In response to the declaration mentioned above, the RBI issued a Discussion Paper on January 22, 2021, requesting comments from industry players. The present article examines the RBI’s main recommendations.
There are minimum capital requirements for NBFC firms under Section 45-IA of the RBI Act, 1934. The RBI has set rigorous minimum capital criteria for such shadow banks to guarantee risk reduction in the event of a capital crisis or a lack of liquidity. This was also done with the customer’s best interests in mind and to help the market develop.
In an integrated financial system, the unrestricted development of the NBFC sector, combined with a poor regulatory environment, may create the conditions of systemic risk. In the current environment, the collapse of any big and deeply linked NBFC has the potential to send shocks across the financial system, disrupting even the operations of small and mid-sized NBFCs.
The suggested framework of minimum capital requirements for NBFC calls for a scale-based method of regulation. This basically implies that regulatory and supervisory resources will be concentrated mainly on firms that have become too-large-to-fail (TBTF) as a result of their systemic interconnectivity with other financial market players. The principle of proportionality will be used to determine the level of regulation.
The suggested classification for minimum capital requirements for NBFC from the research is summarised in the figure under:-
CICs, however, is expected to be scrutinised more closely, potentially as a result of a recent major NBFC default. CICs, together with NBFCs presently categorised as systemically important NBFCs (NBFC-ND-SI), deposit-taking NBFCs (NBFC-D), HFCs, IFCs, IDFs, and SPDs, are suggested to be considered Middle Layer NBFCs (NBFC-ML). Despite the fact that CICs and SPDs would go under the Middle Layer of the regulatory pyramid, the present regulations that apply to them will remain in effect.

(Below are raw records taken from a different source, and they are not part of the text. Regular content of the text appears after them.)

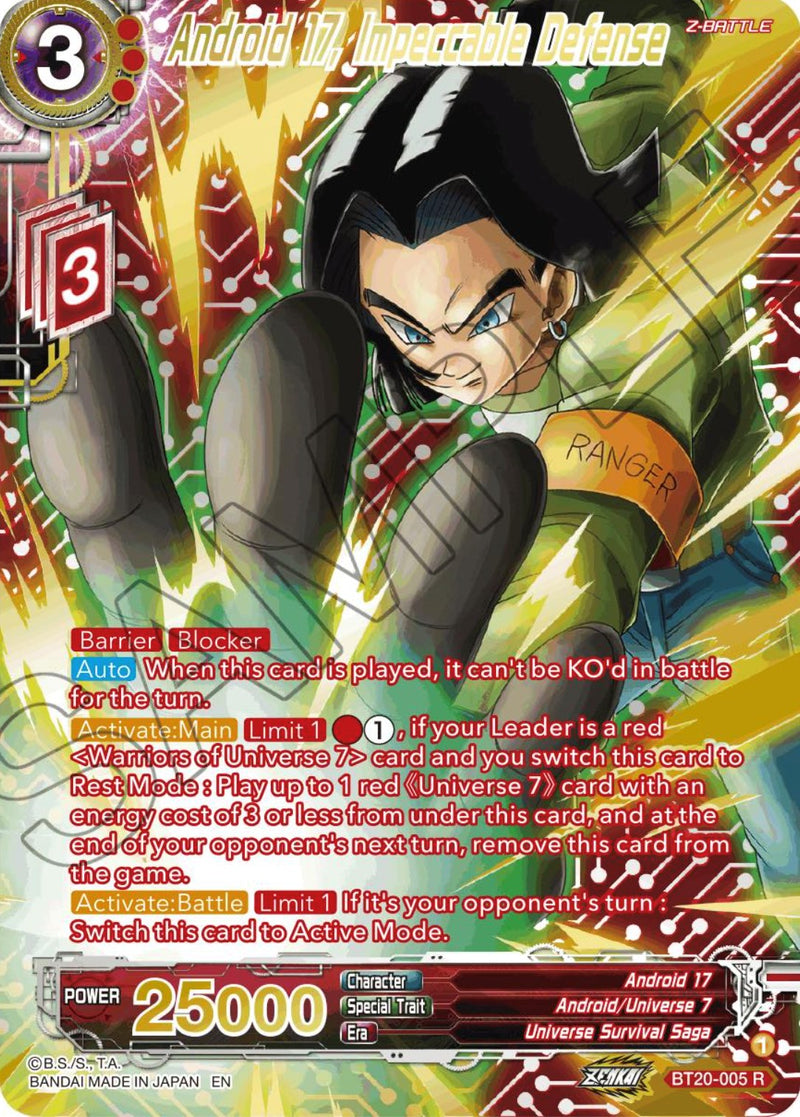 Android 17, Impeccable Defense (Gold-Stamped) (BT20-005) [Power Absorbed] Dragon Ball Super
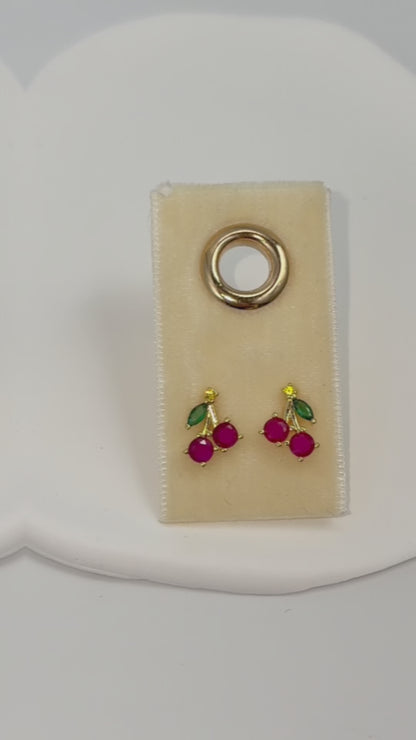 Cherry Studs on Velvet Gift Tag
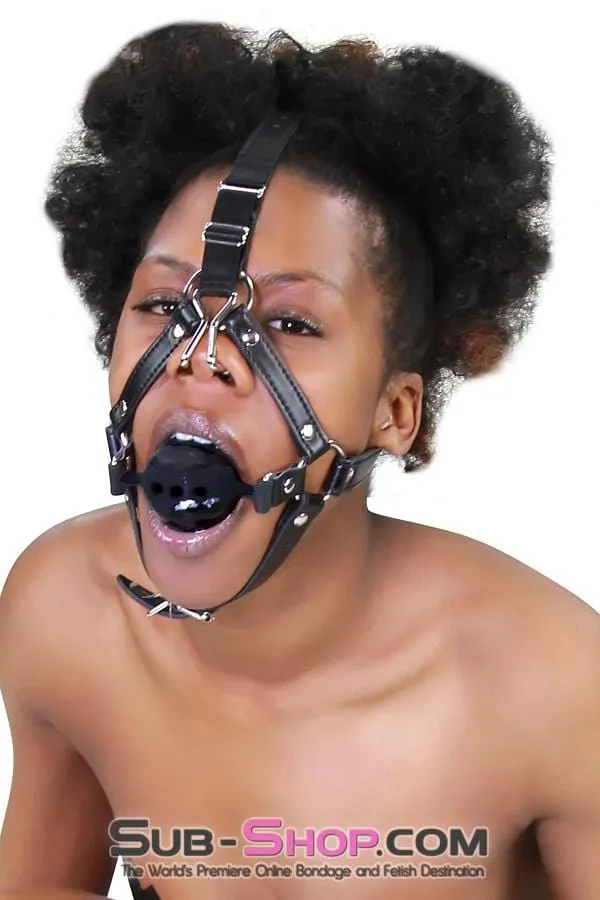 3812RS 2 Large Black Silicone Breather Ball Gag Trainer with Nose Hook Raysent Male Sex Toys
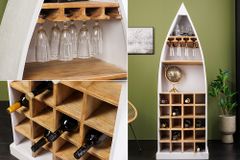 Massivholz Weinregal SEVEN SEAS 180cm weiß natur Mango Flaschenregal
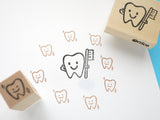 Tooth fairy card making stamp, Tooth with a tooth brush stamp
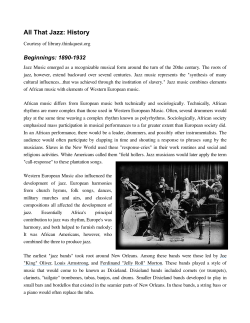 All That Jazz: History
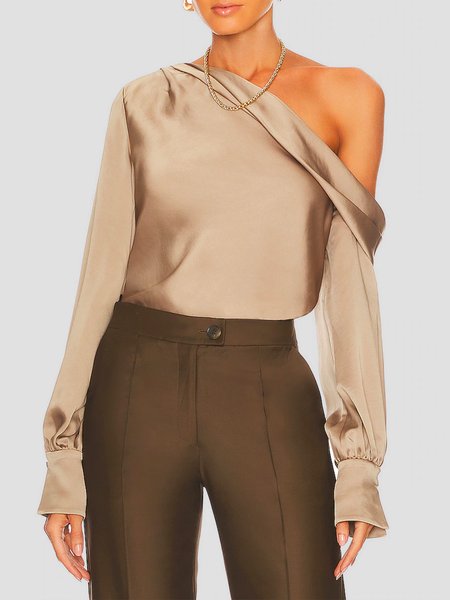

Plain Satin Cold Shoulder Elegant Blouse, Light coffee, Blouses and Shirts
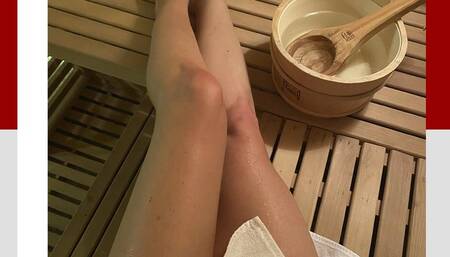 Steamy sauna barefoot tease foot fetish video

The proposed framework of minimum capital requirements for NBFC also recommended that the NOF be increased to Rs. 20 crores. Furthermore, in attempt to guarantee a seamless transition, the RBI will set a well-defined timetable for current NBFCs, perhaps, covering 5 years. On the issue of instructions, the higher NOF requirements will be imposed instantly for new registrations.
All NBFCs, even the ones that are not strategically significant, would be eligible for NPA designation based on 90 DPD.
The classification of NBFCs is based on an annual assessment. The study characterises between 2 given parameters, i.e. quantitative and qualitative parameters:
To calculate leverage, divide the NBFC’s individual score by the sample’s average leverage. Even if it fails to fulfil the parametric criteria the following year, an NBFC-UL will be exposed to increased regulatory obligations comparable to those imposed on banks for at least four years after its previous appearance in the category.
NBFCs with assets of up to Rs 1000 crores would be covered under the base layer. The following table summarises the key proposals for this layer:
1.
The present laws mandate NPA categorization of assets with more than 180 DPDs; however, this is recommended to be decreased to 90 DPDs to align with regulatory recommendations for other types of NBFCs.
2.
The Board must have the following qualifications:
i. A sufficient level of experience and education
ii. Not less than one director should have retail lending experience for a bank or a non-bank financial institution.
3.
For the Risk Management Committee,
i. the overall function and duties will be specified,
ii. The composition may be at the Board or Executive level, depending on the Board’s decision.
4.
Once the guidelines have been finalised, the laws for the sale of stressed assets will be aligned with those of banks.
5.
Further disclosures on risk types, linked party transactions, and consumer complaints will be prescribed.
Along with the recommendations for the base layer, numerous new regulatory requirements are suggested for this category. For NBFC-ML, no modifications to capital requirements are suggested.
Internal Capital Adequacy Assessment must be conducted according to a board-approved policy that considers all risks.
It is recommended that the existing credit concentration limitations for NBFCs for lending and investment be combined into a single exposure limit of 25% for a single borrower and 40% for a group of borrowers linked to Tier 1 capital rather than Owned Funds.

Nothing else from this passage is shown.